What are the fees to trade on Derive?

Fees on Derive differ if you are are maker (i.e., you put out a resting limit order that is filled) or if you are a taker (i.e., you buy or sell against an existing order); takers pay a base fee of $0.50 per order, regardless of order size. The fees also differ by instrument (options vs. perps) and are set out in the table below:

Instrument

Maker

Taker

Perp

0.01% x notional volume

$0.1 base fee + 0.06% x notional volume

Option

0.03% x notional volume

$0.5 base fee + 0.04% x notional volume

Option fees are capped at 12.5% of the value of the option.

Examples:

  1. Alice buys 2 ETH $2,000 puts against an existing order on the book, with the spot price at $2,200. The fee charged: $0.50 + (0.0004% * $4,400) = $2.26.

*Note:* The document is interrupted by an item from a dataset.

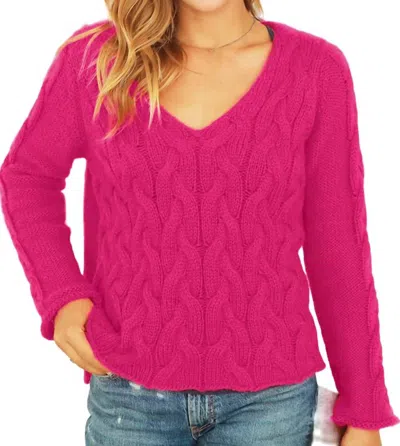 Wooden Ships Cobblestone Cable Sweater In Hot Pink In Pink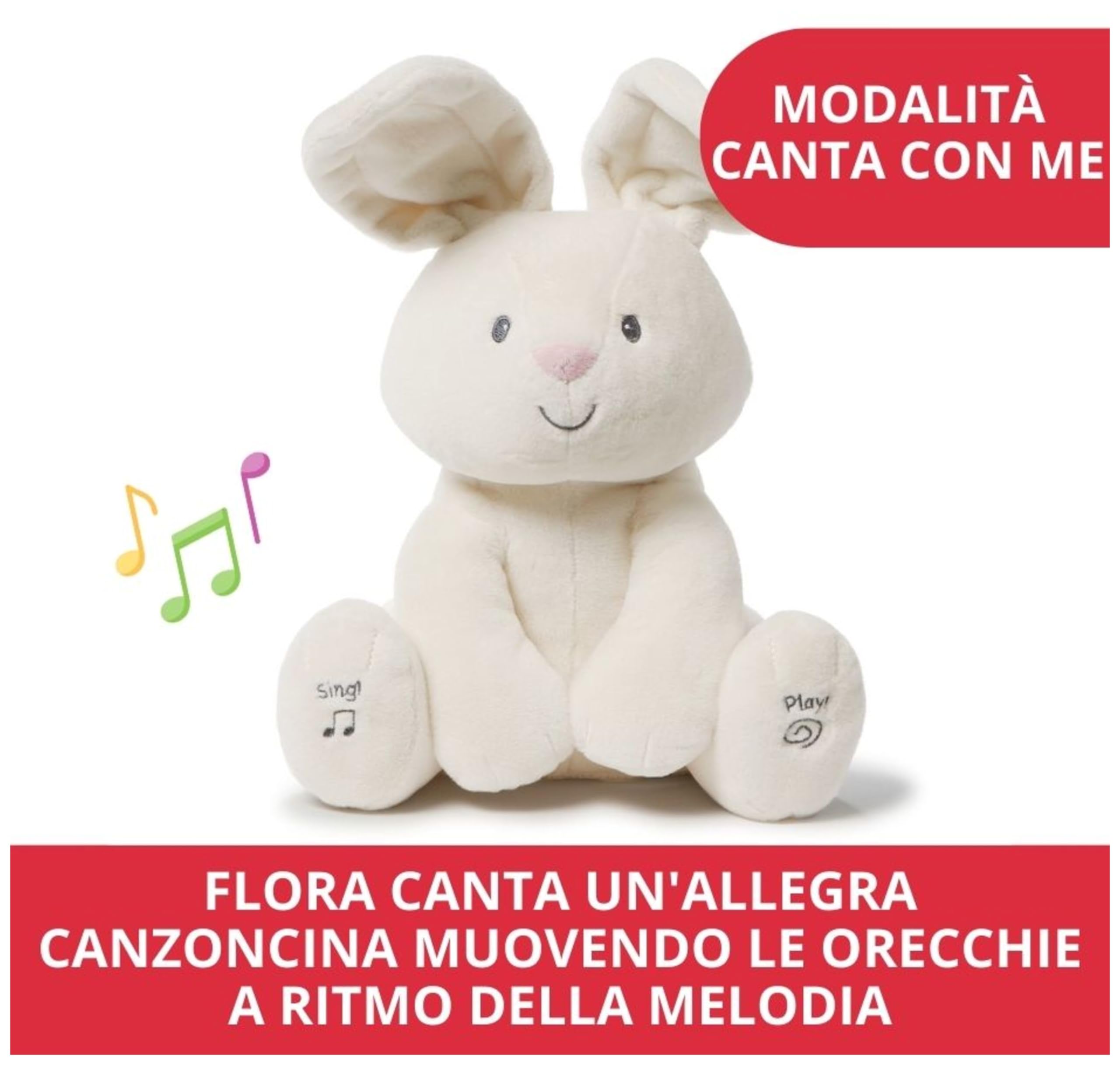 GUND Flora Coniglietto Peluche Interattivo | Canta e Parla in Italiano | Muove Le Orecchie | Peluche di 30.5 cm | Peluche per Bambini da 10 Mesi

  2. Bob submits an order to short 0.1 BTC perp and later gets filled by Charlie, with the spot price at $43,000. The fees charged:

    • To Bob (Maker): 0.0001% * $4,300 = $0.43.

    • To Charlie (Taker): $0.10 + (0.0006% * $4,300) = $2.68.

What are the fees if I get liquidated?

If a user's position is liquidated, a liquidation fee is levied. The fee is 10% of the liquidated portfolio value, marked to market.

Examples:

  1. Alice has a $10,000 portfolio (marked-to-market) and is below her maintenance margin requirements. If 20% of her portfolio is liquidated to bring her account above maintenance margin, her fee will be 10% x $2,000 = $200.

Other Fees

Interest on Borrowed USDC: Interest charged on the debit balance of borrowed USDC, i.e. the fee only applies if your account has a negative cash component. This is charged according to a utilisation curve, similar to the one in use in AAVE (the more negative cash in the system, the higher the interest rate). Derive charges a spread on the long/short balance in the system.